# Directions:
A faithful copy of the listing below is needed, one that contains no pictures.

START Data provided

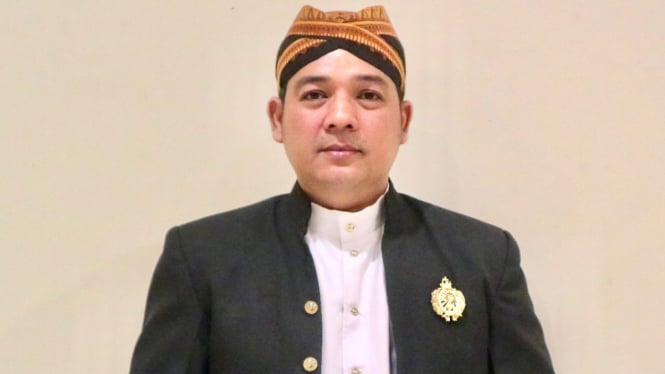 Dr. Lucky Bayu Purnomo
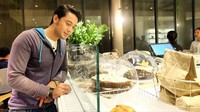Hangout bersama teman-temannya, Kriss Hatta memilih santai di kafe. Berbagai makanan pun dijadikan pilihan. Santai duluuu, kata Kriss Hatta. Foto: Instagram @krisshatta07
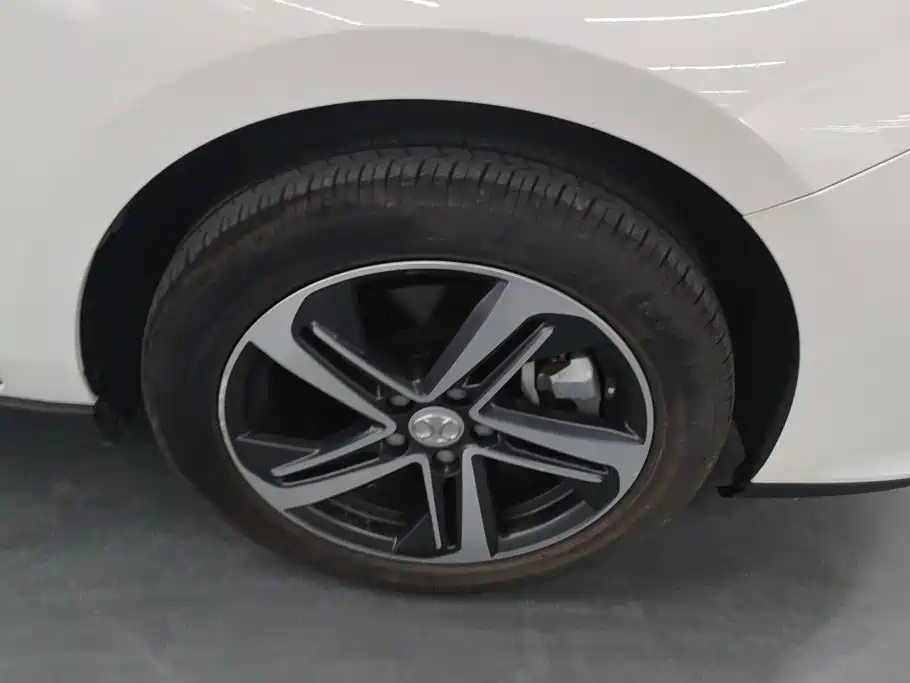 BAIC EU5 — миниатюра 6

END Data provided

# Completed exercise:
 Dr. Lucky Bayu Purnomo
Hangout bersama teman-temannya, Kriss Hatta memilih santai di kafe. Berbagai makanan pun dijadikan pilihan. Santai duluuu, kata Kriss Hatta. Foto: Instagram @krisshatta07
 BAIC EU5 — миниатюра 6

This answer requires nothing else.